Do You Follow The Business Rules?

I had a great discussion with one of the our employees the other day.  She is one of the better employees that knows how to produce good results.  She works hard most of the time.  On the downside level of her performance when she has a personal crisis at home, she falls off at work.  The rules that support business production tend to fly out of the window when she is in crisis mode.  She is better off going home.  She becomes lost for the day.  Her mind will flop completely out of gear and her work production forgets the rules of the road.  I do not like to compensate her for floating around in a daze, which she will do without concern.  Go home.  There are business rules to production.  That is why we employ people.  Owners need those production rules met every single day.  Unfortunately, business owners must pick their battles carefully.  Some employees do not produce well every single day.  They violate the business rules of production.

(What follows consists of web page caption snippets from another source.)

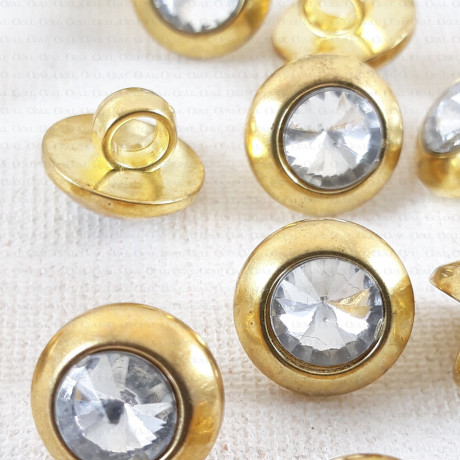 Guzik plastikowy  PAKIET 10 szt ,1870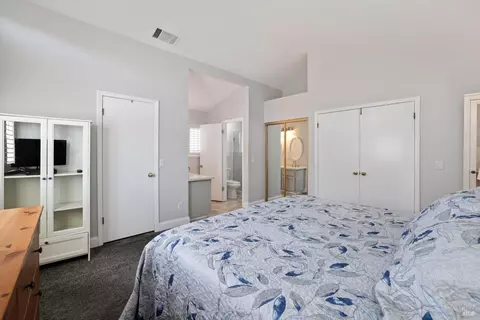 Bedroom - 997 Chalice Ct, Fairfield, CA 94533 photo 3 of 8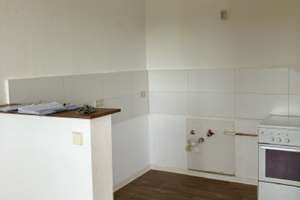 Citylife & Chill: 3-Zimmer-Wohnung mit Balkon zum Durchatmen – Elisabeth-Wolf-Straße 68, 3042 Sandow, Cottbus – Vorschaubild 2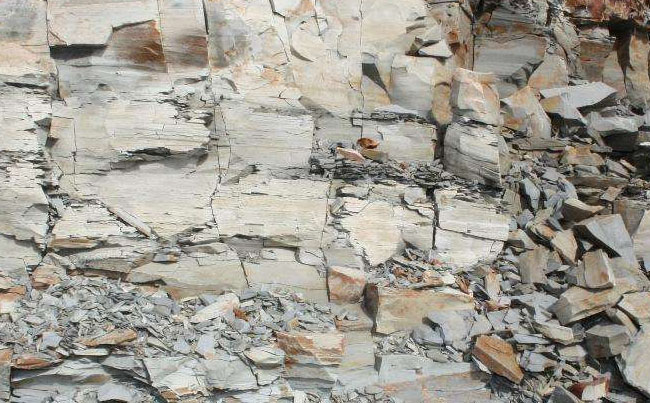 頁(yè)巖粉碎機(jī)/頁(yè)巖破碎機(jī)/頁(yè)巖碎石機(jī)/頁(yè)巖破碎設(shè)備工藝和用途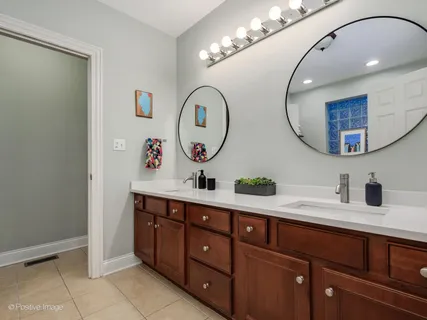 $700,000 | 1945 West Erie Street, Unit 1W, Chicago, IL 60622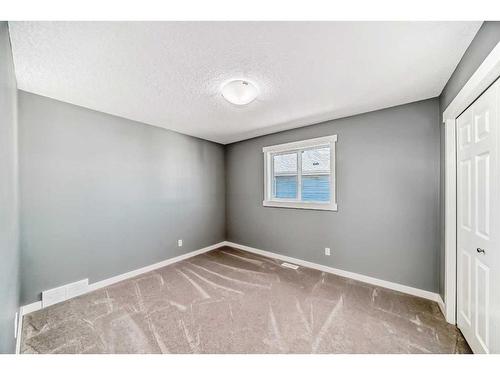 9 Sherwood Street Nw, Calgary, AB - Indoor Photo Showing Other Room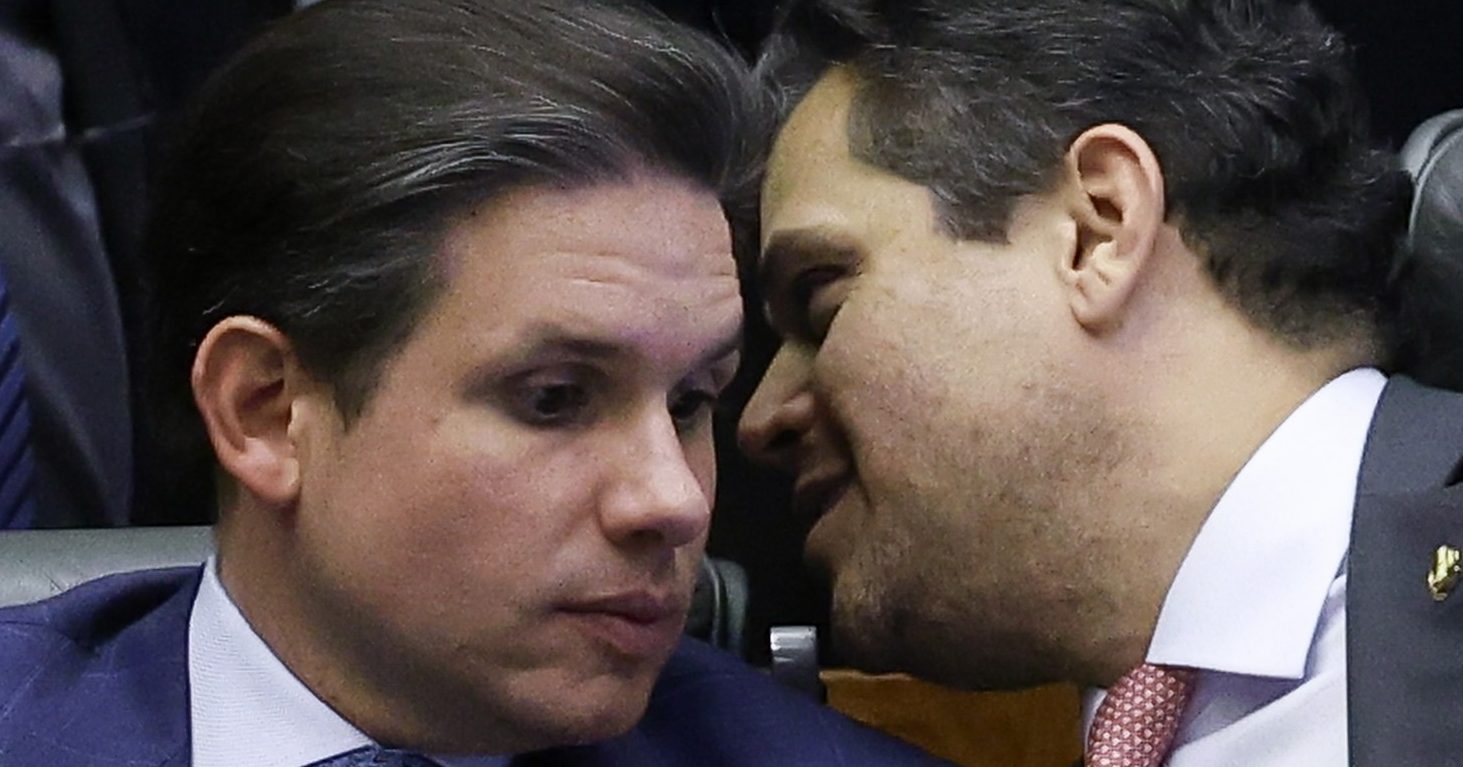 cannabrava-|-conflito-entre-os-poderes-paralisa-o-pais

The discussion she and I had came on a different day.  It came on a day after she had spent the day walking around in a daze.  When she was walking around in a daze, no discussion about returning back to productive work would have served a good purpose.  Like I said, pick your battles carefully.  It is one of the invisible rules to business.  I waited until she had pushed through whatever was weighing her down before I opened the door to some lessons about work and the rules of the business road.  To my surprise, she was very receptive to listen.  It turned out to be a good discussion.  She actually asked some questions about the lessons and offered some insight as to why she gets so overwhelmed with personal stuff.  It was not a threatening exchange on either part.  Good timing is another business rule to follow.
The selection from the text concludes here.